I think Kodak honored the warranty until they went into bankruptcy which qualifies as for life to me. Beats the current crop of warranties I see which cost more to try get the vendor to honor the warranty than to buy a new product from a competitor.
 
When the Aztecs wanted to preserve data they engraved it onto gold sheets. Then they got a visit from some guy named Cortez.

OT, but I just watched this recently: https://www.youtube.com/watch?v=-ZyB47qGXoI

However, correct me if I'm wrong, but it's my understanding that among pre-Columbian native Americans, only the Mayans had really developed a fully-fledged writing system with which they could write everything they could say (well, their scribes could). It's understood to have been substantially logosyllabic, and this looks surprisingly similar to Japanese kana (though it's almost certainly parallel evolution). See PDF pp. 77 for the "letters".

As for actual Aztec writing, Wikipedia has this: https://en.wikipedia.org/wiki/Aztec_writing
Never heard of Aztecs engraving writing in gold sheets though (admittedly, me not hearing about it doesn't mean much).
That Cortez dude was kind of a dick, not as much of a dick as all those germs, but a dick nonetheless, though in fairness, so were the Aztecs. Think Abraham and Isaac, with the teensy tiny difference that the Aztecs followed through, regularly and big time.
 
There's always parchment, which has survived for more than 1000 years. Hard on the sheep, though.

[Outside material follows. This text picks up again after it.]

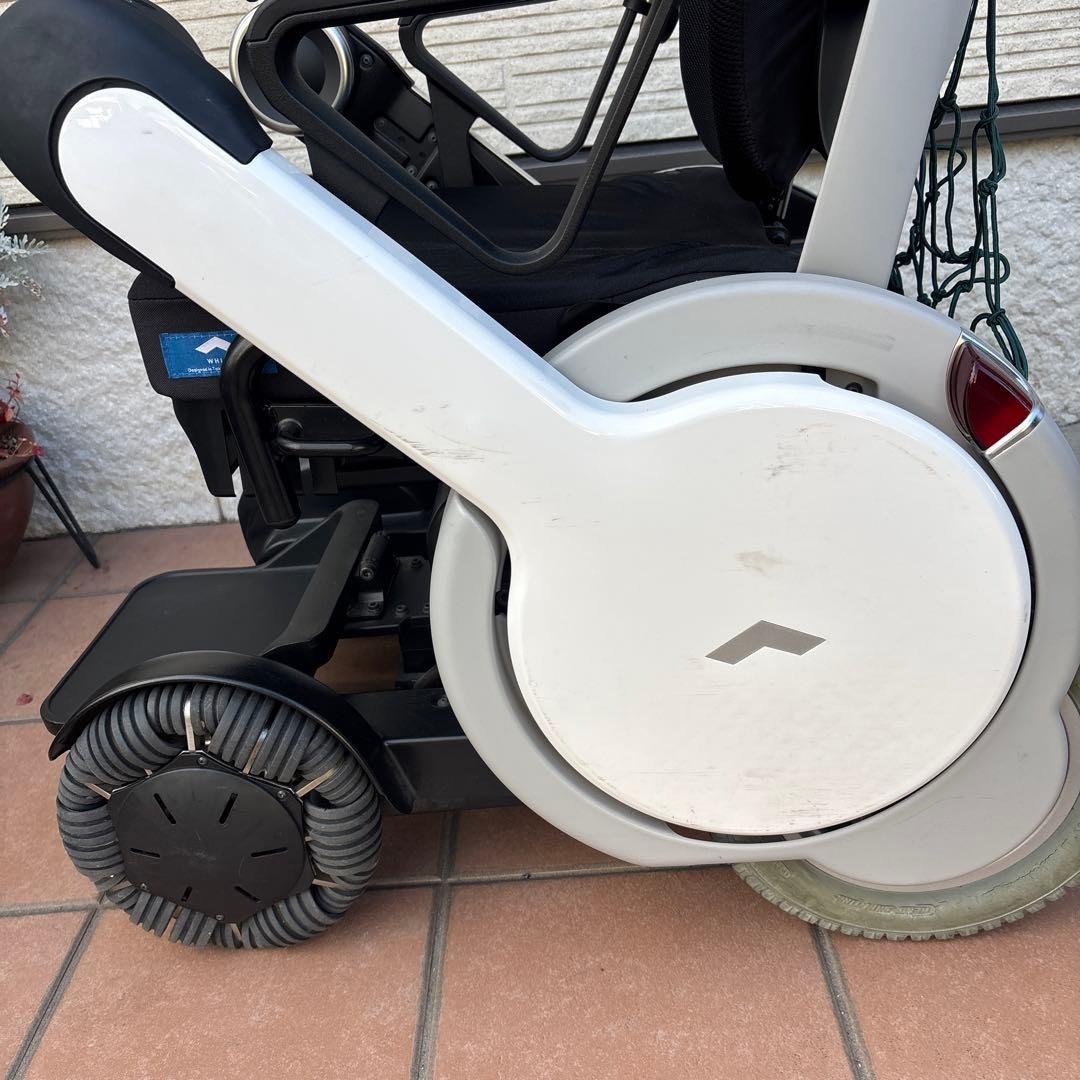 【超希少、廃盤品、四輪駆動】WHILL ウイルモデルA（付属品完備・動作確認済）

Kodak changed its warranty several times. Originally, they offered to recover the data from a failed floppy at no charge, then it was a lifetime guarantee (I think, at some point, Verbatim offered the same deal), then it was simply to replace any defective ones.

Reminds me of a shovel I bought from a well-known national maker. The label proudly proclaimed a "lifetime guarantee". About a year in, I managed to break the shovel blade in half, so I contacted the manufacturer. It turned out that "lifetime" to them meant whatever they wanted it to mean. In the case of a shovel, they had determined that "lifetime" was two years. I asked them how it was that I have a 30 year old shovel made by them (or a company of the same name) that's still doing fine. I received a lot of mumbling, but no admission that their stuff was now garbage... and their "guarantee" was pro-rated over the expected lifetime of the shovel.
 
Reminds me of a shovel I bought from a well-known national maker. The label proudly proclaimed a "lifetime guarantee". About a year in, I managed to break the shovel blade in half, so I contacted the manufacturer. It turned out that "lifetime" to them meant whatever they wanted it to mean.
As for that, "lifetime" always refers to the lifetime of the product - not of the buyer's lifetime. The misunderstanding is of course intended by the producers and pure marketing jugglery. In Germany, we have a law that says "lifetime guarantee" must be at least 5 years.
 
Craftsman tools have a lifetime warranty. I bought a small fortunes worth of them 20 years ago.They were very hard to break, but when they did, Sears replaced them with second rate junk, no questions asked.

Some of the replacement parts didn't even carry the warranty anymore.